这些细节顾昭瑾当时不知,基本都是后来柳常说与他听的。
因为他只坚持到第二个白日便昏厥过去,等再有意识的时候,是被陈逐圈在怀里,对方病容疲倦,两人紧贴的唇瓣间蔓延着相同的苦涩药味。
这点涩意延续多年,从他十七岁,到如今。
期间又经历许多。
病弱、丧母、失父、夺位、登基、清算……
皇后因自责难抑病逝、皇帝为压下丑闻保了贵妃,并责令太子不能怨恨、众皇子虎视眈眈、失了母亲庇佑的太子变得极其艰难。

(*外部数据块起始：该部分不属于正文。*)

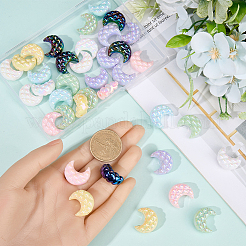 7 Colors Opaque Acrylic Beads&nbsp;MACR-SC0001-70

康健不返,至亲之人再不复幼时的温情脉脉,那时,顾昭瑾以为身边仅存二人,已然是最痛。
却不曾想,更后来,只剩下最初的老仆守着。
……
柳常隐约感受到两道强烈的目光落在自己身上。
他狐疑地抬起头,却发现天子与太傅各自端坐,无人看他。
太监总管摸不着头脑,陈逐和顾昭瑾则是不动声色地将视线收了回来,望向彼此。
看了眼消下去小半碗的粥,陈逐颇有几分满意,掂了一块稍大的蜜饯喂给皇帝,像是嘉奖。